Voting for the far right may seem stupid, but perhaps we lefties have
been equally stupid. We have been trying for decades without success to
solve the far-right problem, but it has only got worse. That does not
make us look very smart.
There are different kinds of
stupidity. You would have to be stupid to
believe that unemployment is the fault of minorities and
foreigners, as the far right claims. But it is surely equally stupid to believe that the
solution is to "create jobs" for everyone, as the centrist parties claim. The whole idea of
technology has always been to reduce the amount of work we have to do.

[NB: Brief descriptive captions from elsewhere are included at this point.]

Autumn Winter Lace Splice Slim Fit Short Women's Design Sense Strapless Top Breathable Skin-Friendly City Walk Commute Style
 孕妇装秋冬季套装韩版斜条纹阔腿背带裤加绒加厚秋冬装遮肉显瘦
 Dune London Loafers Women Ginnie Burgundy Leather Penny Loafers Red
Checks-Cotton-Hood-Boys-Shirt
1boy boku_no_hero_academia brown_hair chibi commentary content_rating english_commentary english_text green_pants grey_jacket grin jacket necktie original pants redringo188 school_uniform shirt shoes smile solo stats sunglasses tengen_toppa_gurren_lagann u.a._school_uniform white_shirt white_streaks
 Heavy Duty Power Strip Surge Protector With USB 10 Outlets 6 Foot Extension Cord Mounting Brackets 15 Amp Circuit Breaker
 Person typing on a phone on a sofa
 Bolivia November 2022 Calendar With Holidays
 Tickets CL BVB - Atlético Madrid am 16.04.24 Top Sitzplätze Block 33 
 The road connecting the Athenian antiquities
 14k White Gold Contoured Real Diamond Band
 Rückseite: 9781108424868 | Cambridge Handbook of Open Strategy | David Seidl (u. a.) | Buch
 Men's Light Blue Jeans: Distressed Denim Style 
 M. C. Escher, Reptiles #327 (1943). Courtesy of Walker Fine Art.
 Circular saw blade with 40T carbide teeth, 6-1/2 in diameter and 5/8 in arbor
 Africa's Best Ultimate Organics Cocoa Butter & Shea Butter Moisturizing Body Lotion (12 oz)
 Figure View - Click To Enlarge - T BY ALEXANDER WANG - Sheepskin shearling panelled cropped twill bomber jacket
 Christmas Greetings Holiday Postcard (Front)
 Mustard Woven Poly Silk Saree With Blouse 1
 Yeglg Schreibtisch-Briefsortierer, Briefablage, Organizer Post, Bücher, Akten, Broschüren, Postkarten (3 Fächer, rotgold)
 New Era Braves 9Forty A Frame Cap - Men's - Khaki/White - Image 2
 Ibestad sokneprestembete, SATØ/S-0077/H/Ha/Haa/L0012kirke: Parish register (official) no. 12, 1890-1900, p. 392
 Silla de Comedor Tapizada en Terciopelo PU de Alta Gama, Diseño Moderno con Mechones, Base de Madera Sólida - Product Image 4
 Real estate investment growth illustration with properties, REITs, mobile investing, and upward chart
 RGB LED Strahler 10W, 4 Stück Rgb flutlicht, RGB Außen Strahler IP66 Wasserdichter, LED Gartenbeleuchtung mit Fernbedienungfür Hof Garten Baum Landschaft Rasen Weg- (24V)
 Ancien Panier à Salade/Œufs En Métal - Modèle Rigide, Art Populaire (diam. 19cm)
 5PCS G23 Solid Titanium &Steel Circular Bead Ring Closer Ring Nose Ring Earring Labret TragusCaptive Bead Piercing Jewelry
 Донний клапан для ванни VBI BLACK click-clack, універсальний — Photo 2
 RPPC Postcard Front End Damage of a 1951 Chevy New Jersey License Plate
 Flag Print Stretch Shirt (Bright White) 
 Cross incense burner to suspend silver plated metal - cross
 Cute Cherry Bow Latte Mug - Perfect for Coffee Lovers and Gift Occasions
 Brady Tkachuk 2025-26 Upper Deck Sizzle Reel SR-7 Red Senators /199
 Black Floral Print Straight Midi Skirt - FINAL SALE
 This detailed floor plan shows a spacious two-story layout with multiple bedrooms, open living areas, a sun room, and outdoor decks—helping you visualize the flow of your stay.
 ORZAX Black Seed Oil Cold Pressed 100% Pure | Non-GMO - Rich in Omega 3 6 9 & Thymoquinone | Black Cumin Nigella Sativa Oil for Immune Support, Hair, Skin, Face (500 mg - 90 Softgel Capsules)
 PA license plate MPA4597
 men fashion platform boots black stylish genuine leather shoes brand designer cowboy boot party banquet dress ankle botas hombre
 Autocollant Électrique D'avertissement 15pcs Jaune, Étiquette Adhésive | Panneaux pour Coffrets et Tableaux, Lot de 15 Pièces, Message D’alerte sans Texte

The problem is not the reduced amount of work. The problem is the
unequal distribution of wealth. It follows that the solution does not
lie
in "creating jobs". Digging holes and filling them in again is not the
answer. The answer
is to redistribute some of the wealth.
Solutions
The wealth gap is getting bigger. We know this, and we know that the
problem is very difficult to solve. What can we do about it?
Perhaps we should try to make the widening wealth gap less visible? Would people then be less angry or
afraid? This solution is evidently neither practical nor desirable. One
could argue the opposite - we
should be aiming for more transparency, not less. It would
surely be a good idea if basic information on the income and wealth of
every person was
publicly available - just two numbers per
person, how much they earn per year and what they are worth altogether
(as declared every year to the tax office). Apparently
the Swedish taxation system allows in part for this kind of
transparency. It can be done.
So what can be done? If the problem
is mainly about wealth (and not income), the solution must also be about
wealth (and not income). The simplest and most obvious solution is to redistribute some of the wealth.
Like Robin Hood, we should
somehow take some money away from the rich and distribute it among the
poor.
This should be done in a fair and orderly fashion, of course. We need
new
wealth taxes, and they should be globally harmonized
so that the rich cannot evade them by moving from one country to
another (capital flight).
It is not easy to introduce wealth taxes, because the
rich
have the power to prevent them - a classic case of oligarchy blocking democracy. But logically there is
no better solution to the far right problem, and many other problems besides. So as responsible citizens we have no choice, I
believe, but to advocate globally hamonized wealth taxes, and try
to build up the required political clout. As the
Bernie Sanders campaign in the USA shows, it is possible to turn an
idea of this kind into something that is politically realistic if
enough people have
the courage to talk about it.
The new cold war
Let's stand back for a moment and take a look at the broader context.
There is a new cold war developing between Russia and the
West,
and between China and the West, which is not the topic of this article
(although it may be related). This article is about another
new cold war. This cold war is brewing in countries
with
strong far-right political parties, and like global climate, it is
gradually heating up.
On one side of this war is the far right, which is threatening
to take over mainstream
politics. On the other side
is just about everyone else: the centre right, the centre left, the far
left, and the greens. These other parties differ from each other in
many significant ways, of course. But there is a general consensus
among them that the far right is both dangerous and incompetent. In a
nutshell, they are dangerously incompetent.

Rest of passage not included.